How Much Free Disk Space is Enough?

Have you encountered the “insufficient disk space” error on your computer? A lot of the time it takes users by surprise, especially when their system drive isn’t that small, even by modern-day standards. In addition to error messages, you may also notice slower PC performance as your system drive gets filled with data. Most users have no idea of the actual amounts of disk space needed for various tasks. So, how much free disk space is actually enough? Let’s get to the bottom of it right here.

Computer drives today range from a measly 256GB (yes, those are still used!) to 20TB (the biggest hard drive as of 2021). SSD drives can be even bigger, but SSDs available to the general public are no larger than 8TB, with the average SSD tending to be smaller than the average HDD.

Looking at the sizes of various software programs offered for download, or apps you may want to install from app stores, it’s hard to believe that those may take up more than a tiny corner on your system drive. If that’s the case, where does all that space go and why are you finding yourself having to clean your computer all the time? Read on to find out. This article is based on extensive research, so we promise that you’ll learn some useful things from it. Keep in mind that we’ll be talking about your main drive here – the one your operating system is installed on, and the one most software and system-related components are housed on.

The problem

When you go to download a new application onto your computer, you may check the app size and think that you need to have that much space available on your drive. However, if your system drive has that much or just a tad more free space available, you may end up getting the “insufficient space” error message. Why do you need hundreds of megabytes on your drive while the app weighs less than a hundred?

Another situation might be like this: you get a message from your Windows system or a third-party program you are using recommending to free up some space on your system drive. You go look at the amount of space you have available on that drive and see what seems to be quite a lot. Why are you advised to clear even more then?

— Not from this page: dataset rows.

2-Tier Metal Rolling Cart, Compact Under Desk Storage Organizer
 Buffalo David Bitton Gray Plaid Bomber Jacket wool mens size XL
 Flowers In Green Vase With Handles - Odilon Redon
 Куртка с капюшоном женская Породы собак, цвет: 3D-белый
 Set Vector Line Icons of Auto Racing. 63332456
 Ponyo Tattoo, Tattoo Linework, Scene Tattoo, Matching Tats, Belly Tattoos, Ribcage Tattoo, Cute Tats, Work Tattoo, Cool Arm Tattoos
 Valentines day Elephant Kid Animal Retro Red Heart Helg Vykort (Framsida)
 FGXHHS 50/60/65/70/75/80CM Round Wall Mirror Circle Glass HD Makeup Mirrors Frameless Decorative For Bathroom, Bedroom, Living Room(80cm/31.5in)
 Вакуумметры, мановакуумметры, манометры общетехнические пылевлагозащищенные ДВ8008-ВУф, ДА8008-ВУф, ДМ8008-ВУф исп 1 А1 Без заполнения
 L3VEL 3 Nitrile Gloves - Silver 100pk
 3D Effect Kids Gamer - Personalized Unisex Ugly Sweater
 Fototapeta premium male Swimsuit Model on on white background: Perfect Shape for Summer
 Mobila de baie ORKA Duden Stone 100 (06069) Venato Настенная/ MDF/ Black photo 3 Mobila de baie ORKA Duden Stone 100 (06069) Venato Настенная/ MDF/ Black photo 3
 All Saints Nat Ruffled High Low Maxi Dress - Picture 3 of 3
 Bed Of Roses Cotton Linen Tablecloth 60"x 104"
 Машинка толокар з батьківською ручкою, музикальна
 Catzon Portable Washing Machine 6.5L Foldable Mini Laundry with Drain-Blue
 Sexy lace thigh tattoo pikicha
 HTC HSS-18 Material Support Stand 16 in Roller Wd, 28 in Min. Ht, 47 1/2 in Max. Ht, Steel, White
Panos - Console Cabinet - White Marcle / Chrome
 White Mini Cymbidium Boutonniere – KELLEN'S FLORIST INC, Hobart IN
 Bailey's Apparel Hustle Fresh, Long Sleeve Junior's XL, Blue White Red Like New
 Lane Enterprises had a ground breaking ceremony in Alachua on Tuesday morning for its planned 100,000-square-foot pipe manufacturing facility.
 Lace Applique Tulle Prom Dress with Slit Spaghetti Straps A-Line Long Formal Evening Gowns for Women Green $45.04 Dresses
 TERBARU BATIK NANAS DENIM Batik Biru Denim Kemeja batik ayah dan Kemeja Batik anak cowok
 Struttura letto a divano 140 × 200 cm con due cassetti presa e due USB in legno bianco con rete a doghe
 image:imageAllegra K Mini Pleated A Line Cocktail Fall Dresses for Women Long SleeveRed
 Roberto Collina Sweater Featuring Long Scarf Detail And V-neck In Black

The answer to this question lies in the fact that free space on your system drive is used for a lot more than those visible things like software installation. Below, we will go over those other purposes that may require free drive space, and share a fact-based conclusion on how much space you need to have free on your system drive.

1. System Protection

The System Protection feature in Windows is notorious for utilizing free space on the main drive. It creates system restore points that store your system configuration and the file versions in effect at the time the snapshot is taken. You can then use one of the restore points to roll your Windows back to an earlier point in time in case of issues, such as:

  • When you experience glitches after installing OS updates, software programs, drivers or codecs;
  • When there is an issue with file associations;
  • When your system starts misbehaving after a cleanup of registry entries, temporary files or other system components, done by a third-party app;
  • When there is an issue with system startup, etc.

How System Protection works

System Protection and System Restore functionality is based on the VSS (Volume Shadow Copy Service) feature, which tracks changes on your system drive. For each system restore point, you can review the list of applications and drivers that would be affected if you chose to apply it.

System Properties

The amount of disk space allocated to the VSS service upon OS installation, including for storing system restore points, depends on the system partition capacity, and usually varies between 3 and 15% of it. Keep in mind that, by default, the System Restore feature is disabled in the newest operating system versions. It gets turned on when a software application requests a restore point to be created.

System Protection

When the system drive runs out of space allocated to VSS, older restore points get deleted and overwritten by new ones.

Free space required for System Protection

By default, 10 to 15% of total system drive capacity, or 30% of the free space available on the drive, whichever is smaller, is allocated by Windows for storing volume shadow copies. Advanced users can change this limit manually using a special command. If you are the only user on your PC and you haven’t changed VSS settings, then the above numbers are probably effective on your PC.

When there is sufficient disk space available on your system drive, your Windows can create a restore point every time it’s requested by a software program that makes changes to the system, such as when new components are installed or existing ones are modified.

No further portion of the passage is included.